General information
- Sport: Canadian football
- Date: January 14, 2019
- Time: 10:00 am CST
- Location: Mexico City

Overview
- 27 total selections in 3 rounds
- First selection: Diego Viamontes, WR, Edmonton Eskimos

= 2019 CFL–LFA draft =

Canadian football draft

The 2019 CFL–LFA draft took place on January 14, 2019. Twenty-seven players were chosen from an invited pool of 51 Mexican players: 34 from the Liga de Fútbol Americano Profesional (LFA) (a professional American football league) and 17 seniors from Mexican university teams.

==Background==
In October 2018, Canadian Football League commissioner Randy Ambrosie outlined a plan to grow the CFL's presence, which he dubbed CFL 2.0, including growth internationally. In November 2018, the LFA signed a non-binding Letter of Intent with the CFL to share resources and to allow for at least one CFL game to be played in Mexico, as wells as lay the ground work for special Mexican-specific editions of the CFL Combine and CFL draft.

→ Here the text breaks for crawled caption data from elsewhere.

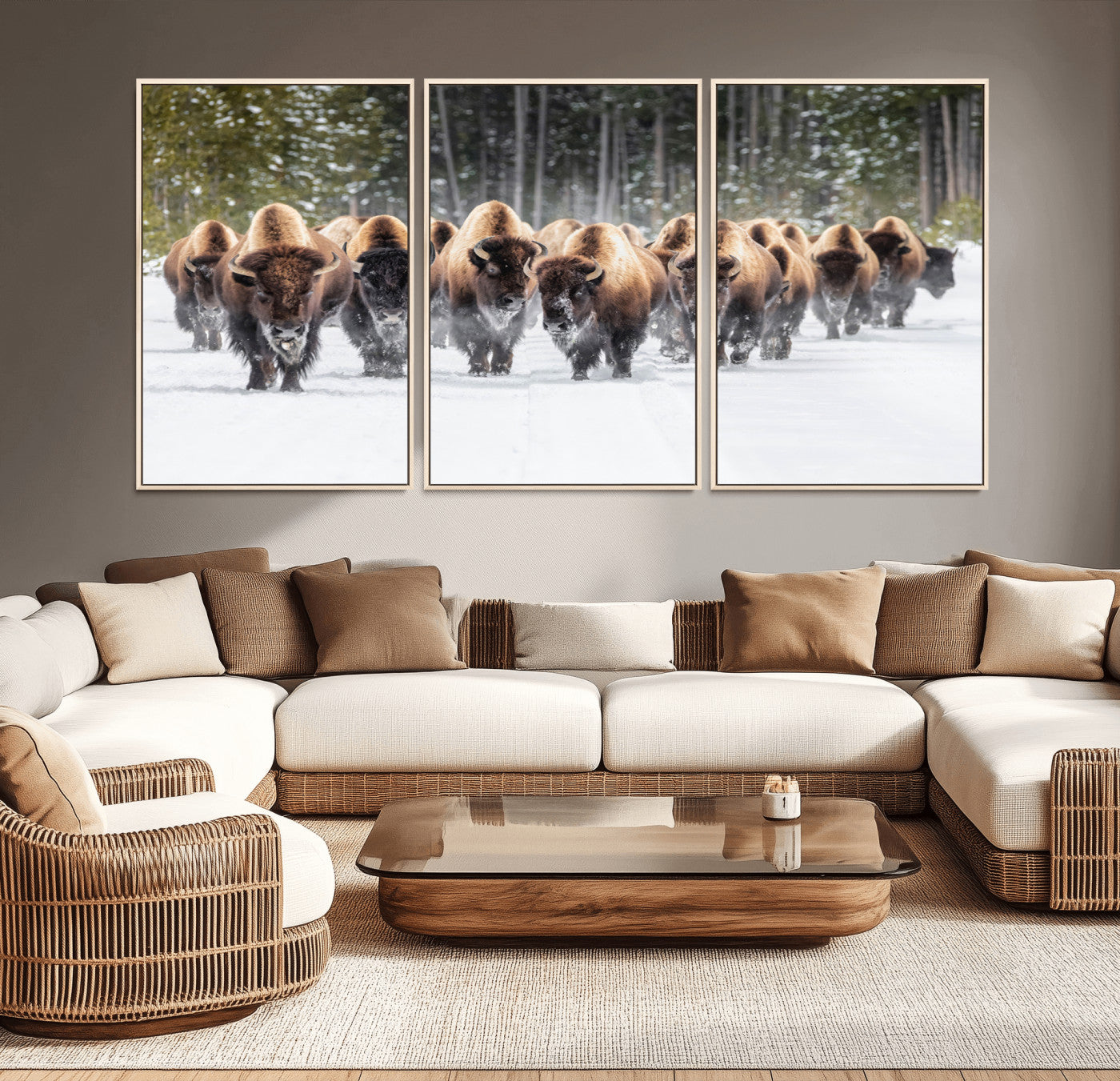 A herd of American bisons walking through a snowy forest path, perfect for rustic cabin or Western-themed wall decor.
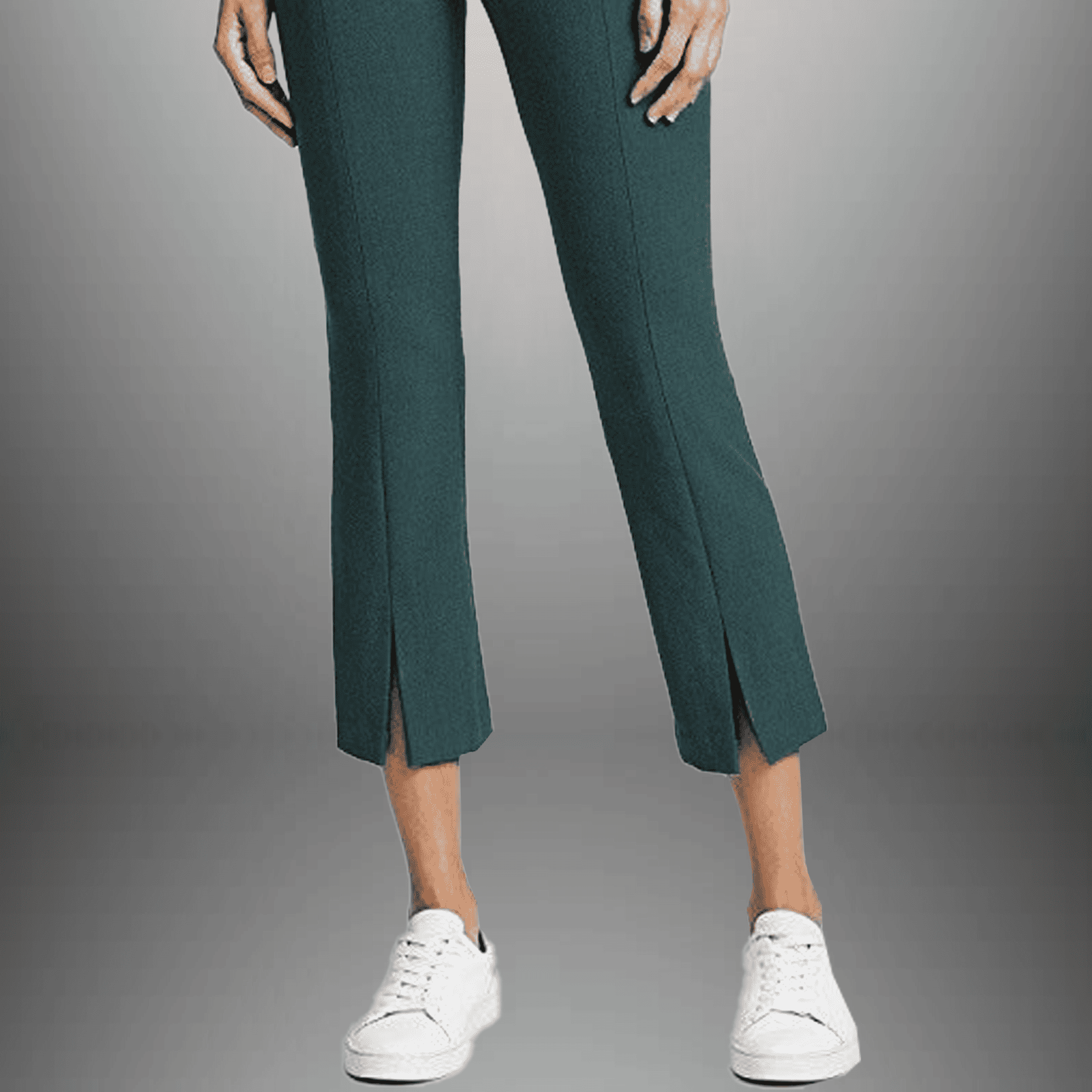 Women's front cut teal blue stretchable casual pants-RCP026
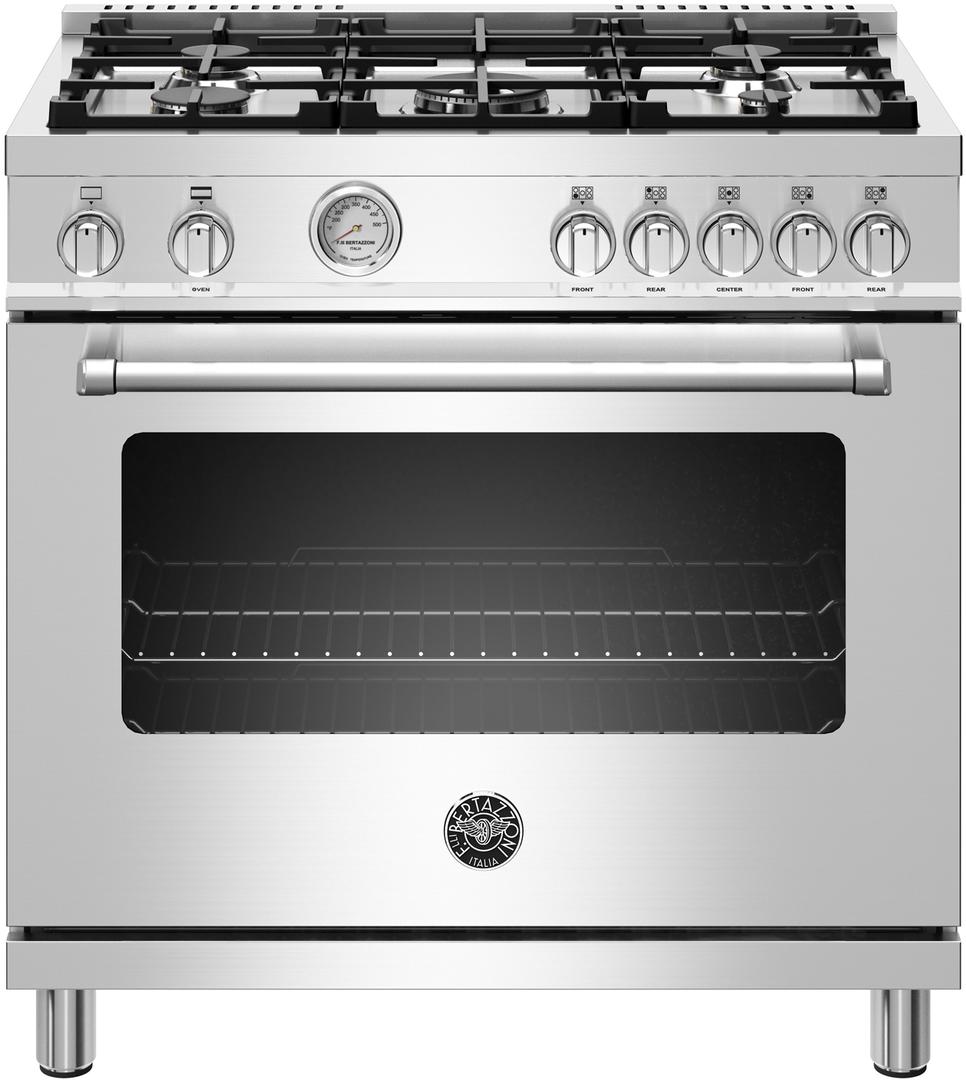 Bertazzoni Master Series 36" Stainless Steel Slide-In Liquid Propane Sealed Burner Range - Convection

On January 11, 2019, 51 players from the LFA and Mexican college ranks were announced as participants in a combine to beheld on January 13 and a 27-player draft to be held on January 14, 2019. Each CFL team sent scouts and were reported to likely receive four picks. Consensus after the combine was that 6-18 players were of (or could be made into) CFL camp caliber, but that a majority of players had no professional potential. This led to criticism of commissioner Ambrosie for spending time and resources on this additional draft, when a collective bargaining agreement with the CFLPA still had not been reached. Originally, there were plans for a 4-round 36-player draft but, after the combine and interviews, was scaled back to a 3-round, 27-player draft. BC Lions General Manager Ed Hervey was reported to have, "settled for athletic and the ability to speak English" in player evaluations. It was not reported if drafted players would count towards a team's National or International slots.

On January 12, 2019, the LFA held their own domestic 66-player draft in advance of the CFL's draft.

==Selection order==
Unlike the normal CFL draft, which sets selection order based on a team's record the previous season (similar to the NFL draft), the CFL–LFA draft instead used a weighted lottery system where teams receive more balls in a selection bin depending on their record, with more balls increasing the chance at a higher draft priority (similar to the NBA draft). The draft order was set the night before the draft: The Edmonton Eskimos received the first pick, despite Edmonton's general manager and head coach both skipping the combine and draft process, sending a subordinate instead. Edmonton GM Brock Sunderland in particular was largely dismissive of the entire process.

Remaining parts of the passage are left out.